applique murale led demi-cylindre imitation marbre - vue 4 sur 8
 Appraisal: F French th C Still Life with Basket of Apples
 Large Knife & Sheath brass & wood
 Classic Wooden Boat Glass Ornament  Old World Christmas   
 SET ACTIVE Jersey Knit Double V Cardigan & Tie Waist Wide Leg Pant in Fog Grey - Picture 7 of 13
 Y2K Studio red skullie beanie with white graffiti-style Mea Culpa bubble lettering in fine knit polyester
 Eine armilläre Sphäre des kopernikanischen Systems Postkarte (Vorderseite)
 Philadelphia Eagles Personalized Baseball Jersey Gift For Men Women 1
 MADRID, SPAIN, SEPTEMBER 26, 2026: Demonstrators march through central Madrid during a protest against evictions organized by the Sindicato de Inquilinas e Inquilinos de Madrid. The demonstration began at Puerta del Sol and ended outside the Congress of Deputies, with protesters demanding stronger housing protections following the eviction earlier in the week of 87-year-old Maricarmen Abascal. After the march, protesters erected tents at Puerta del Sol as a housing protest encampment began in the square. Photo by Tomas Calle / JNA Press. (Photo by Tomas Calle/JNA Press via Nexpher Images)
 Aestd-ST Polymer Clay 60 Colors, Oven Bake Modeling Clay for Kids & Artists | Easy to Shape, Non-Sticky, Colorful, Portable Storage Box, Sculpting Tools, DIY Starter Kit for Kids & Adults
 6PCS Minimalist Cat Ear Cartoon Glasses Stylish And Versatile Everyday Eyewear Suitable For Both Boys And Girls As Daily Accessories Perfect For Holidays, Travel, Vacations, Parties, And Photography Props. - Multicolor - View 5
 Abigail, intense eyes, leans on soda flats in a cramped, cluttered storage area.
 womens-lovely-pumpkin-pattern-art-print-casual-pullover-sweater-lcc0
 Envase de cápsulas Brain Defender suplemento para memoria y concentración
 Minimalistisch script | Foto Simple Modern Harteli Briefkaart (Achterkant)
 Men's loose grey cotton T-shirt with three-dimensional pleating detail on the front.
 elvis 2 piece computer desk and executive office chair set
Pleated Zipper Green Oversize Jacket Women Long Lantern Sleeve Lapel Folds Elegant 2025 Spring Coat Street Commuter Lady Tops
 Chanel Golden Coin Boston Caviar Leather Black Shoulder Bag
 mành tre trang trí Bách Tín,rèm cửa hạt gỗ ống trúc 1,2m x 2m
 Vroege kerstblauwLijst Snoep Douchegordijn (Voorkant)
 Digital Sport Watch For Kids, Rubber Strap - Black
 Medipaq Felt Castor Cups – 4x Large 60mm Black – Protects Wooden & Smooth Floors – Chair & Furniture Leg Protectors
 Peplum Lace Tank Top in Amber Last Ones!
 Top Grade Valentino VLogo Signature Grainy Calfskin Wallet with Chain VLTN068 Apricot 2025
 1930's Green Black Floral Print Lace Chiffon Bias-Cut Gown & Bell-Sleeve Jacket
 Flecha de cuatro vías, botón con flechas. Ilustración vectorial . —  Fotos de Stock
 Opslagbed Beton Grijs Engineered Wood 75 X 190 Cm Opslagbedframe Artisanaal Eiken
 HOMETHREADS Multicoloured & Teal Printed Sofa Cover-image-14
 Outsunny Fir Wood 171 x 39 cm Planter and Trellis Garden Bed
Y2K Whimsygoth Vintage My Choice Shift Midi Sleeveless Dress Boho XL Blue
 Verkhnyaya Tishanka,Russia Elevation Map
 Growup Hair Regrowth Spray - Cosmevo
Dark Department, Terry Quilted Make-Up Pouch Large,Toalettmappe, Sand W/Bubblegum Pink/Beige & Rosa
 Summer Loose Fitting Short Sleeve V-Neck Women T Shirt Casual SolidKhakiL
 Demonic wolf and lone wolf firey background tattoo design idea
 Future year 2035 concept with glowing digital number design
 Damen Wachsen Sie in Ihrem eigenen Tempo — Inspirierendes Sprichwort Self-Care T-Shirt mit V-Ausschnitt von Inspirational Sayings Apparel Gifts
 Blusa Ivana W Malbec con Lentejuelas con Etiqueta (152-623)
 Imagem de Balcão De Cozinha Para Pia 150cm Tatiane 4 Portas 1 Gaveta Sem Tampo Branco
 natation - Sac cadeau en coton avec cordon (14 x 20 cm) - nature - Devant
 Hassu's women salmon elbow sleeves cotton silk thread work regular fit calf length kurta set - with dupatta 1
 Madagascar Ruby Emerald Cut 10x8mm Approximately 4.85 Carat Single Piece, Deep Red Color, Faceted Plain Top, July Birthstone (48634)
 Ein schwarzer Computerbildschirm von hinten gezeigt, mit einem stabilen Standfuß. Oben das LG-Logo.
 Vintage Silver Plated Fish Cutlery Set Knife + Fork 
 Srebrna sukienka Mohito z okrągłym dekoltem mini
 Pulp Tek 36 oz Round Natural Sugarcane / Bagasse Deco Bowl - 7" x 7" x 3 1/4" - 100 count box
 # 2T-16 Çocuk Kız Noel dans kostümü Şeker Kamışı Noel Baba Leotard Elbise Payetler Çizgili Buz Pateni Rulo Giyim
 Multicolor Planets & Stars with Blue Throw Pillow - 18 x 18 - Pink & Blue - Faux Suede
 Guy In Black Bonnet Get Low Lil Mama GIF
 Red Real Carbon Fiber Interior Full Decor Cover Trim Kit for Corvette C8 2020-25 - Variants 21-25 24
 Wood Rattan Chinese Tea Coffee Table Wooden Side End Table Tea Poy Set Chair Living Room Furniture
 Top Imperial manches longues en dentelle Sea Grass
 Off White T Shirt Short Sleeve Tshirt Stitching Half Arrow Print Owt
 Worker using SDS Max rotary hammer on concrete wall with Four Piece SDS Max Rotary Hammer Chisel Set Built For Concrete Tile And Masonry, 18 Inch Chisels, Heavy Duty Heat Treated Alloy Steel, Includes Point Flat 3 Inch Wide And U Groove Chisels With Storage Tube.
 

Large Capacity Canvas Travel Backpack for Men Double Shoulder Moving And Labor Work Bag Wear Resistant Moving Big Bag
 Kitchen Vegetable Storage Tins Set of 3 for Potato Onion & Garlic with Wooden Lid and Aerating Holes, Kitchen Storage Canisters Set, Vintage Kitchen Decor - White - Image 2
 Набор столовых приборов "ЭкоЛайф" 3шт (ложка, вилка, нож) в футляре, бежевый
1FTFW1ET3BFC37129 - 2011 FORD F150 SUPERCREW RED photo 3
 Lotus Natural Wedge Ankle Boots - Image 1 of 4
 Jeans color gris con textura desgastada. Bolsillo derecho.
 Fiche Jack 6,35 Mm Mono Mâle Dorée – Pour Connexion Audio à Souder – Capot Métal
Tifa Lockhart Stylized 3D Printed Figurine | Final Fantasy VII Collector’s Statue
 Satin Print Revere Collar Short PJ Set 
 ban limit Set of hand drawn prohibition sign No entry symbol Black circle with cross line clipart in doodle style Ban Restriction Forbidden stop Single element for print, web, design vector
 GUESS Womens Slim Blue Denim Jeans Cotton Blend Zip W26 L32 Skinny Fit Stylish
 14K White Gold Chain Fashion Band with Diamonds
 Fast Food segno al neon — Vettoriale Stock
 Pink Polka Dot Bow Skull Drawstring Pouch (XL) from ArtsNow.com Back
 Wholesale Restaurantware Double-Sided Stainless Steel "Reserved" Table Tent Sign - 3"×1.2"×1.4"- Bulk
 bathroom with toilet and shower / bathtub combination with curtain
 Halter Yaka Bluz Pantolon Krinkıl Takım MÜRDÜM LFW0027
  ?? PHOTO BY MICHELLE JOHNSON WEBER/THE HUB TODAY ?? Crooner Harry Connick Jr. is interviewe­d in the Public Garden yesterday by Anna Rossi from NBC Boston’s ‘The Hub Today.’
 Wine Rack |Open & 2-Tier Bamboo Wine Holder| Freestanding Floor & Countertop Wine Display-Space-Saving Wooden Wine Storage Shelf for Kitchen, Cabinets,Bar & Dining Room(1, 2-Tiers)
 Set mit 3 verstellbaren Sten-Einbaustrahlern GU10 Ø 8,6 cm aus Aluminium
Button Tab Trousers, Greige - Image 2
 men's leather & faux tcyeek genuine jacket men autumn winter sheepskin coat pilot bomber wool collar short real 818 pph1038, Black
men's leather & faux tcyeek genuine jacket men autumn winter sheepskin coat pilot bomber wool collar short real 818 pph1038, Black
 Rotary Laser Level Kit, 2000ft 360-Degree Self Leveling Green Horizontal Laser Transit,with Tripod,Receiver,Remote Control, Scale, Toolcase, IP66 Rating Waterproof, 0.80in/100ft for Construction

#####

What to produce
Can you repeat, word for word, every line above from the one containing "Large Capacity Canvas" down to the one containing "1FTFW1ET3BFC37129 - 2011", including both?

Task output
Large Capacity Canvas Travel Backpack for Men Double Shoulder Moving And Labor Work Bag Wear Resistant Moving Big Bag
 Kitchen Vegetable Storage Tins Set of 3 for Potato Onion & Garlic with Wooden Lid and Aerating Holes, Kitchen Storage Canisters Set, Vintage Kitchen Decor - White - Image 2
 Набор столовых приборов "ЭкоЛайф" 3шт (ложка, вилка, нож) в футляре, бежевый
1FTFW1ET3BFC37129 - 2011 FORD F150 SUPERCREW RED photo 3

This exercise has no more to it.